The town of Strawberry Point was growing rapidly, and since many members of the congregation lived there, students at the Theological seminary conducted services for them. It was not until 1878, however, that 13 of these members organized the Emanuel congregation in Strawberry Point and called their own pastor, the Rev. E. Barkow. First services were held in a hall and then in the building of another denomination before the present building was erected in 1882 at a cost of $3000. The original building was 32X50 feet with a tower 85 feet high. In 1895 the bells were dedicated and soon thereafter the transepts and a chanceel were added to make room for the growing congregation. A pipe organ was installed in 1908 and the parsonage was built in 1917. In 1922 the church basement was enlarged and improved so that it could be used as a meeting place for the organizations.

In the past ten years many improvements have been made to the church property, including automatic oil heating systems for the church and parsonage, the church basement renovated, church kitchen modernized and the church redecorated. In commemoration of the 75th anniversary, a new pipe organ was installed at a cost of more than $8000. This year it was voted to purchase new pews and they are expected to be installed in August.

St. Sebald Church Erected in 1867

Going back to the mother congregation, the present church building at St. Sebald was erected in 1867. Prior to that time one building served as a parsonage and a church building with the church bell hung on a large oak tree. The present parsonage was erected in 1878 and modernized in the late 1930's.

In the 50th anniversary year of the church in 1903, the steeple, towering nearly 100 feet in the sky, was added and a large clear-toned bell weighing nearly a ton was hung in the spire. In 1928 a pipe organ was dedicated and in 1937 a wood buring furnace was installed replacing the old heating stoves. The church interior was finished with Nu-Wood in 1941 with funds left by a member of the congregation. It was on Christmas Eve in 1943 that electric lights were first used for an evening service in historic St. Sebald.

Preparations for celebrating the centennial were begun in 1951. The project was largely completed in 1952 at a total cost of more than $10,000. The entire building was raised 18 inches, the basement excavated, a new block wall laid up, water, modern kitchen, rest rooms and automatic oil heat installed. A new asphalt tile floor was laid in the nave of the church, a gift from the estate of Mr. and Mrs. John Wuest, one time members of the congregation.

Lead in Forming Churches

Members of the St. Sebald congregation were instrumental in forming the Lutheran congregations at Arlington and Volga as well as Emanuel at Strawberry Point, and were among the charter members at both places. Both congregations take an active part in community affairs. The float prepared by the St. Sebald congregation for the Strawberry Point centennial parade in 1953 won first prize and the one constructed by Emanuel members took third place. Both congregations have a Brotherhood, a Ladies Aid, Women's Missionary Society, Luther League, Junior Mission Band and a progressive educational program.

St. Sebald Lutheran church
Rev. Herman Cronrath

Emanuel Lutheran church
Rev. S.J. Meyer

Present pastors are Rev. S.J. Meyer at Emanuel and Rev. Herman Cronrath at St. Sebald.

The Rev. Meyer came to Strawberry Point in 1945 from Correctionville. He had also served a congregation at Brighton, Iowa, previous to that time. His father, the Rev. Conrad Meyer, also a pastor, served a congregation at Readlyn for many years. The Rev. Mayer's hobby is woodworking and he has made some beautiful peices of furniture for his home.

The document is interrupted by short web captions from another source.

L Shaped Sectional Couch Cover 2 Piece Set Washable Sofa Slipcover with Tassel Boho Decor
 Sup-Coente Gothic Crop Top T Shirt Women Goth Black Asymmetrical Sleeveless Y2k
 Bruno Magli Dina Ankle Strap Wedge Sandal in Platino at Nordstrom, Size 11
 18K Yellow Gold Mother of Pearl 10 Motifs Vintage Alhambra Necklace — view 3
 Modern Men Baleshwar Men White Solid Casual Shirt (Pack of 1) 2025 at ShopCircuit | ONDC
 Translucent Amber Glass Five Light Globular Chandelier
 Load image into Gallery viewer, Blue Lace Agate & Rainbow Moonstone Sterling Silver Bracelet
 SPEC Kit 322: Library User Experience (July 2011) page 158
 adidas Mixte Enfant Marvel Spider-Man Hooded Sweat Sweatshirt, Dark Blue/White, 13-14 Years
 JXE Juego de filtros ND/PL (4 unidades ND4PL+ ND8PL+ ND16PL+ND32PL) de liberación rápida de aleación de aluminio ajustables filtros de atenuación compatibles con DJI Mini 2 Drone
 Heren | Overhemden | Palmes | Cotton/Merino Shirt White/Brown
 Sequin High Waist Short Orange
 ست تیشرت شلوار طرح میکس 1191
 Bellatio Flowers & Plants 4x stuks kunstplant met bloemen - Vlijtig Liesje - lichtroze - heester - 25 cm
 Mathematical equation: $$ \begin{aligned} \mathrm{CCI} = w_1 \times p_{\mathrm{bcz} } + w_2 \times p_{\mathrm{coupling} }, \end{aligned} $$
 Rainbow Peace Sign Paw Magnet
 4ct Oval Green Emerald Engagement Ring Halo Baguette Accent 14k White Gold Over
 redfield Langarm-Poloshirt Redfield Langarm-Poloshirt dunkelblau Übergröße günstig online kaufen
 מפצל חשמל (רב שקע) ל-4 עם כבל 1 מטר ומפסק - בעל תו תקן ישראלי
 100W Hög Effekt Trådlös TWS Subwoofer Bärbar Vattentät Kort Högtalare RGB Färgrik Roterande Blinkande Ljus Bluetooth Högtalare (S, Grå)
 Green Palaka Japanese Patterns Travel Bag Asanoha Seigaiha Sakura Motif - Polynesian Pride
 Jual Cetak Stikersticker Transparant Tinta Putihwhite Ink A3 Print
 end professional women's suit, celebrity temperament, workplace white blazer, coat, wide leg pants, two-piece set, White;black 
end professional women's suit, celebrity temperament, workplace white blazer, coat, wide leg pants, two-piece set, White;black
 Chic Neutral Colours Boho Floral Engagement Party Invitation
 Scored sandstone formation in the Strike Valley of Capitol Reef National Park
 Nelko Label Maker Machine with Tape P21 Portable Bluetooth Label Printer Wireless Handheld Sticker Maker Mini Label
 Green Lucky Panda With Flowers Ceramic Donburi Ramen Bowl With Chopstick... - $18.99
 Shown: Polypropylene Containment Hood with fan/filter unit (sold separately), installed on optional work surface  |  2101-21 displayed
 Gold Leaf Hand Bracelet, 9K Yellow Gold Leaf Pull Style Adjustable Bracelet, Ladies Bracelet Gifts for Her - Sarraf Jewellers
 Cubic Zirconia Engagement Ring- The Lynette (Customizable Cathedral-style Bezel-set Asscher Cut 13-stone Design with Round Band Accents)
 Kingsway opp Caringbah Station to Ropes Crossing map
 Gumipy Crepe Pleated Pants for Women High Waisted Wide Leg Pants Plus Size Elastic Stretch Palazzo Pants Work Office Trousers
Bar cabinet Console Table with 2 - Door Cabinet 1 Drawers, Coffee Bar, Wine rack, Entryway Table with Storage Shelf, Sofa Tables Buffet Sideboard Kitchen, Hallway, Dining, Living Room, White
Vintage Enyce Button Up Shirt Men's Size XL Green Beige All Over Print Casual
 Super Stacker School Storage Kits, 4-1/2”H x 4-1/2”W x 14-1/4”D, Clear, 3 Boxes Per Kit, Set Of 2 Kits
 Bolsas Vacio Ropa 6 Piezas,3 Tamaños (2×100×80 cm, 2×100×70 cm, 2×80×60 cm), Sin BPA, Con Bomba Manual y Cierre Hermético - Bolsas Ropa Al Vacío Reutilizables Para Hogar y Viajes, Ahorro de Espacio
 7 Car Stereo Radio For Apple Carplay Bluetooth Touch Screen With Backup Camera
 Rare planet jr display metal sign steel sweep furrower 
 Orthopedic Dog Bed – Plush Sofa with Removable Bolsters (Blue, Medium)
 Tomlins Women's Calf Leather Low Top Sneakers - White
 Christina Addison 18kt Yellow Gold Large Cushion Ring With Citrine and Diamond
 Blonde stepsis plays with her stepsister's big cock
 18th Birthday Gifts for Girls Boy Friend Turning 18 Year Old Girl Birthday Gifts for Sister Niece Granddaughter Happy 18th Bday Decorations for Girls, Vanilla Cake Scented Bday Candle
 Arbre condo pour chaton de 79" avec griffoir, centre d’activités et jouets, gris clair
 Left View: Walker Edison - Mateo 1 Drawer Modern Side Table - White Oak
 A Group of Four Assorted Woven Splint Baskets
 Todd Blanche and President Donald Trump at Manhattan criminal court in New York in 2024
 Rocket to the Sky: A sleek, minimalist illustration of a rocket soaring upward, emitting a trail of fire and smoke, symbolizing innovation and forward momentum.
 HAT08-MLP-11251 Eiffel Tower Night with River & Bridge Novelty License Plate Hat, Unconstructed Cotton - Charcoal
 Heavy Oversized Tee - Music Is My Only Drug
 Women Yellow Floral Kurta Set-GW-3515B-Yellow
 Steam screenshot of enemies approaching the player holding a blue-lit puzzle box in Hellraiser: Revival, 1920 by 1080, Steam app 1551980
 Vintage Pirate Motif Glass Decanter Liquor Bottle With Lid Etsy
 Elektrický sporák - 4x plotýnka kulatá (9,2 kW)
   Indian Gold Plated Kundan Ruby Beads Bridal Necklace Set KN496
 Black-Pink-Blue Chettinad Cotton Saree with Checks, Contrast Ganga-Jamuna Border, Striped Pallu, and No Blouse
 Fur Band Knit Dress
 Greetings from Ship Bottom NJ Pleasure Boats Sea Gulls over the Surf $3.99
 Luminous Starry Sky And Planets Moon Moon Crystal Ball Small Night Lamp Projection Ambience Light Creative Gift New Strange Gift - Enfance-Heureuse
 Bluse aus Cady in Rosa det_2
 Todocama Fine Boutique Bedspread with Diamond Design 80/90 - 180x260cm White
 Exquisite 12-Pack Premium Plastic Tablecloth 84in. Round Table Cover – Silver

The Rev. Cronrath was installed at St. Sebald in January of this year, coming to Iowa from a parish at Genesee, Idaho. He was born at Kenosha, Wis., 55 years ago and has also served parishes at Manawa, Oshkosh and Oconto, Wis. and Colfax, Wash. He and Mrs. Cronrath have two sons in the Lutheran ministry; Luther at Chewelah, Wash., and Daniel, at Earlville, Ia.
~Oelwein Daily Register, 8/12/1955


St. Sebald Lutheran Church Sesquicentennial

St. Sebald Lutheran Church was founded in 1853, and from its beginnings, holds a historic place in the organization of the Lutheran Church in Iowa. St. Sebald is located 6 miles northwest of Strawberry Point. It's beginnings have been traced back to early colonizing efforts under the direction of J.K. Wilhelm Loehe, a pastor in Neuendettelsau, Germany. Loehe organized an early missionary society for training young missionaries to provide the Lutheran religion to settlements he was organizing near Saginaw, Michigan, in the United States. While Loehe did all of his ministry in his small village in Germany, his life-long efforts for training foreign missionaries kept him in contact with his colonies in Michigan and throughout the Midwest. His dream was also to provide missionaries to the Native Americans.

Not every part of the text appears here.